-- Opening Marker --

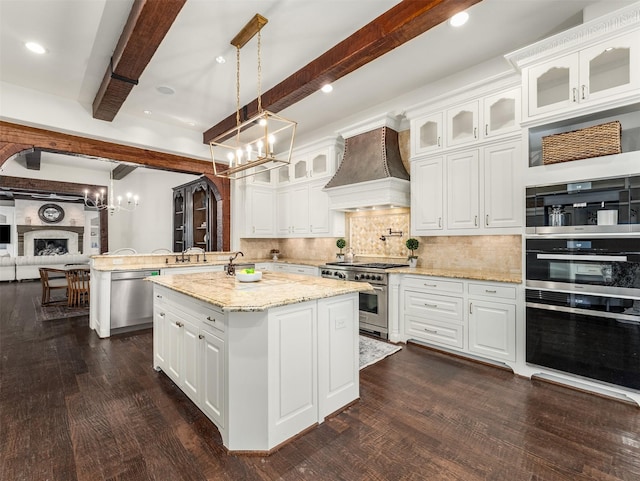 kitchen with stainless steel appliances, custom exhaust hood, a kitchen island, and white cabinets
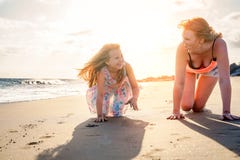 Mãe feliz e filha que têm o divertimento na praia nas férias - mamã que joga com sua criança durante seus feriados fotos de stock Mãe feliz e filha que têm o divertimento na praia nas férias - mamã que joga com sua criança durante seus feriados fotos de stock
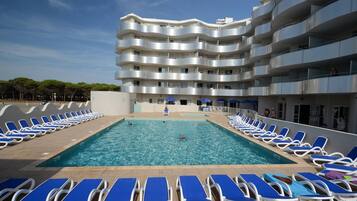 Une piscine avec des chaises longues et un immeuble à plusieurs étages doté de balcons.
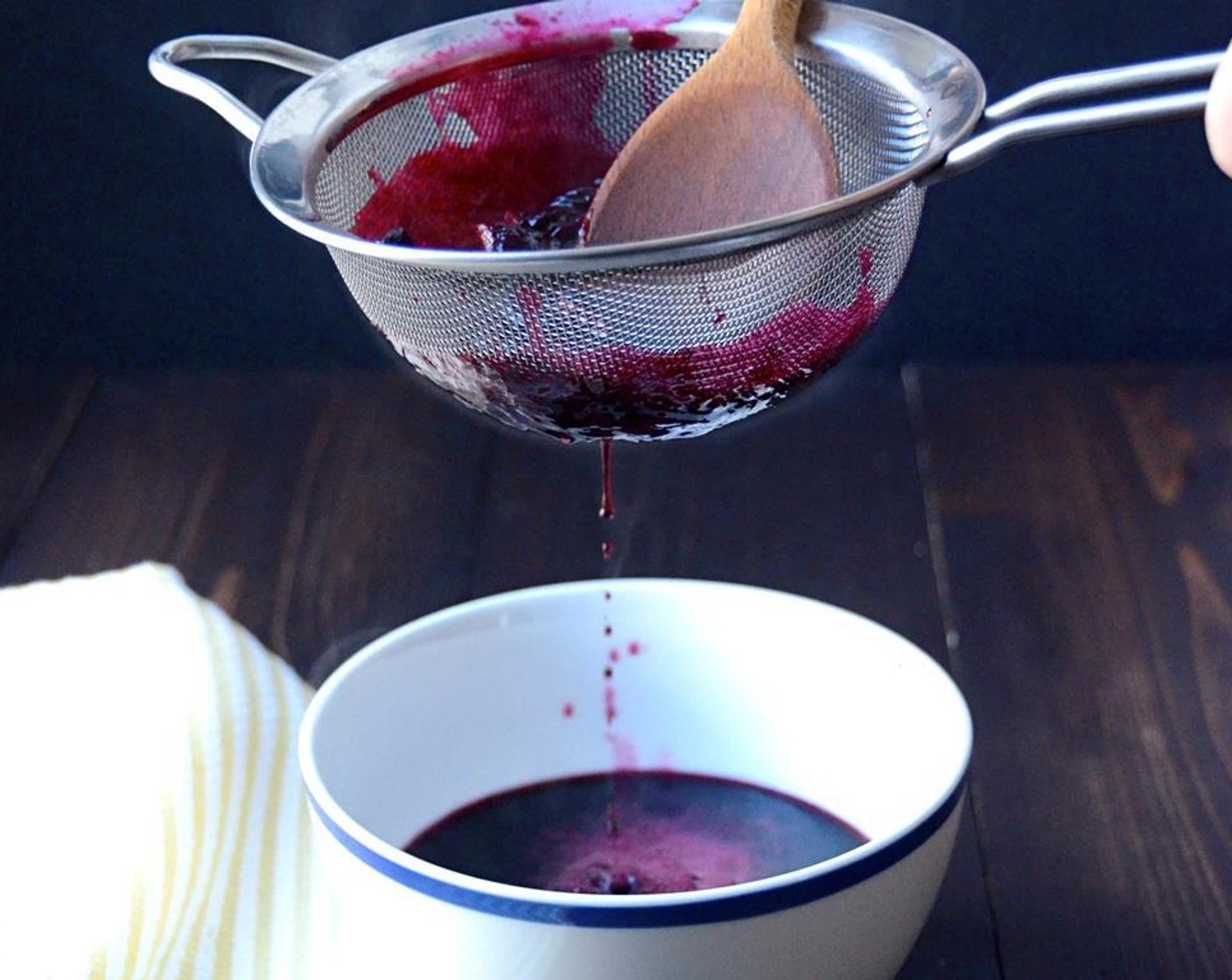 step 3 Set a fine mesh strainer over a small bowl. Pour the blueberry sauce through the strainer. Use the back of a wooden spoon to press on the blueberry solids, pushing them through the strainer. Do this until the only thing left in the strainer are the blueberry skins and the lemon rinds. Discard the solids. Cover and refrigerate the blueberry puree.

-- Closing Marker --

WORK TO BE COMPLETED: Each line from the one with "Une piscine avec" to the last line of the listing should be returned exactly, both ends included, and no picture with them.

SOLUTION BELOW:
 Une piscine avec des chaises longues et un immeuble à plusieurs étages doté de balcons.
 step 3 Set a fine mesh strainer over a small bowl. Pour the blueberry sauce through the strainer. Use the back of a wooden spoon to press on the blueberry solids, pushing them through the strainer. Do this until the only thing left in the strainer are the blueberry skins and the lemon rinds. Discard the solids. Cover and refrigerate the blueberry puree.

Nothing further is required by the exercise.